The night the stage lights went simple
The lighting desk blinked into emergency mode halfway through the dress rehearsal. Most lamps would only do on or off now. A few channels still had proper dimmer knobs. The stage manager muttered, “If we simplify the wrong ones, no one will even know who’s speaking.”
The quick fix sounded tidy: make every light a plain switch. Less fuss, less power. But when the actors hit a fast bit, faces went flat and small gestures vanished. That’s what happens when you squash every tiny dial inside a big language system into pure on or off. It can start guessing like it’s lost the thread.
So the crew picked their favourites: a small set of lamps that must keep dimmers. Everything else could be switches.
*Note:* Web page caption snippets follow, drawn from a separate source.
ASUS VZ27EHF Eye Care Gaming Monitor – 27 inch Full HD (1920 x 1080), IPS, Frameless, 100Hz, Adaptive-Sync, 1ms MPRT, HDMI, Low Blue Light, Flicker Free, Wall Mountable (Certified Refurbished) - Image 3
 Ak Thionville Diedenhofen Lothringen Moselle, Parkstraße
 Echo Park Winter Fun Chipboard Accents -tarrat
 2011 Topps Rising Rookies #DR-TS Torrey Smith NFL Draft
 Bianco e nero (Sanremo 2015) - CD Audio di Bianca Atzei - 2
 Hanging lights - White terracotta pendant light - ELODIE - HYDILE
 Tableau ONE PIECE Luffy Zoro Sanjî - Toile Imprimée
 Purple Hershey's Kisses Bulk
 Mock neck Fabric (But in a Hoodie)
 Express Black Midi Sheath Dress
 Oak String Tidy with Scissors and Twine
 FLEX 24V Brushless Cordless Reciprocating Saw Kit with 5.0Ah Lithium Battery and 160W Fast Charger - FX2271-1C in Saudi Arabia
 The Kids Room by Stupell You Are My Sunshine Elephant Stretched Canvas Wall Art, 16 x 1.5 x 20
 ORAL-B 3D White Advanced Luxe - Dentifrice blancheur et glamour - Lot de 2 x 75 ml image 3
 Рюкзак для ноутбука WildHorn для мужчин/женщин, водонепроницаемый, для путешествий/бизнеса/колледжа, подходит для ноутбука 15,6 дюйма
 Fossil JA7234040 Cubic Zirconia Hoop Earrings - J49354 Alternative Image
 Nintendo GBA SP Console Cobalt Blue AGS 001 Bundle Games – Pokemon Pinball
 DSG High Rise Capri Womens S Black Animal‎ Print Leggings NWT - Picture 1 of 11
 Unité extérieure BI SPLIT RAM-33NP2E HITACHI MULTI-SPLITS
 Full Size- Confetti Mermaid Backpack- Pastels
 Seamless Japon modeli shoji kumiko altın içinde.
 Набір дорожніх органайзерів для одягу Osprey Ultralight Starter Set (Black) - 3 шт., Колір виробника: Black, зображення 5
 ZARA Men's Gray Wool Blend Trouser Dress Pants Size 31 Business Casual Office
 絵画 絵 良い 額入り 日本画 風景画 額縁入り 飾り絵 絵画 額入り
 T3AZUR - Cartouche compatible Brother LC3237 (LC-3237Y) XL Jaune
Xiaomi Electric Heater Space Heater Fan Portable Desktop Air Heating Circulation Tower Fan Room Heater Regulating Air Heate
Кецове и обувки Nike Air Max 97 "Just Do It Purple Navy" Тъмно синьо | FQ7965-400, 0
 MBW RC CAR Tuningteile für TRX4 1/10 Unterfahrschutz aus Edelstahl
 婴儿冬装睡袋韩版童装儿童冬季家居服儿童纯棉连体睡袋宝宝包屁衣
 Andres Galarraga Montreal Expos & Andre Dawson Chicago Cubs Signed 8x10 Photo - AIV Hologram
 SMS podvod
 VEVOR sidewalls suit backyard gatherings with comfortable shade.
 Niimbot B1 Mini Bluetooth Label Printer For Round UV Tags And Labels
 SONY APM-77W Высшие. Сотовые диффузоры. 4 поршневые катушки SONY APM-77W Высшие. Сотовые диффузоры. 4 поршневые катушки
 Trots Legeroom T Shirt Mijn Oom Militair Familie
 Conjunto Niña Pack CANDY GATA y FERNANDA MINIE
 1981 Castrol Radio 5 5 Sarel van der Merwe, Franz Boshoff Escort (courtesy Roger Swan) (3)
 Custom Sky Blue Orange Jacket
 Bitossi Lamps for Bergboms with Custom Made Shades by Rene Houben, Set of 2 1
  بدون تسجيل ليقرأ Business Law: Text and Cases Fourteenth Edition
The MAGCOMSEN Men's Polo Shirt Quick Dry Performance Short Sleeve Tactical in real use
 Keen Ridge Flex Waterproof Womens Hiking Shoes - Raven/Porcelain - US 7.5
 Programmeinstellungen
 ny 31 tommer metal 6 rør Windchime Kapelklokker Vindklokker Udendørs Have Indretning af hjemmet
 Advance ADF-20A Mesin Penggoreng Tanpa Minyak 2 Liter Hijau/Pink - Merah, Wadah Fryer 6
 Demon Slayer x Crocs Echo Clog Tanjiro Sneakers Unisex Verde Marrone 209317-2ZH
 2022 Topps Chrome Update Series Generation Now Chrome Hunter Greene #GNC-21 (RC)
In the same way, you keep a small share of the system’s most important numbers in finer detail, and crush the rest down to on or off. Picking the biggest, most forceful ones works about as well as fussier scoring.
The awkward bit: those “must-keep” lamps were scattered all over the rig, not sitting neatly on one bar. So they had to be chosen one by one, and the crew had to keep a note of where each dimmer was. Then they re-cued carefully, section by section, watching how far the stage look drifted from the original.
For every switch-only lamp, they also chose how bright “on” should mean for that specific bulb. They didn’t guess. They set it to match the lamp’s usual strength as closely as possible. With the dimmers locked, they ran a few quick practice rounds until the scene read clearly again. Sometimes, if enough dimmers stayed, it worked decently even before the practice.
By the final run, the plot was easy to follow again, even with loads of crude switches. The surprise wasn’t that on or off is “good enough” for everything. It was that a few carefully chosen dimmers carry a silly amount of meaning. Takeaway: save space by simplifying most parts, but protect the handful that steer the story.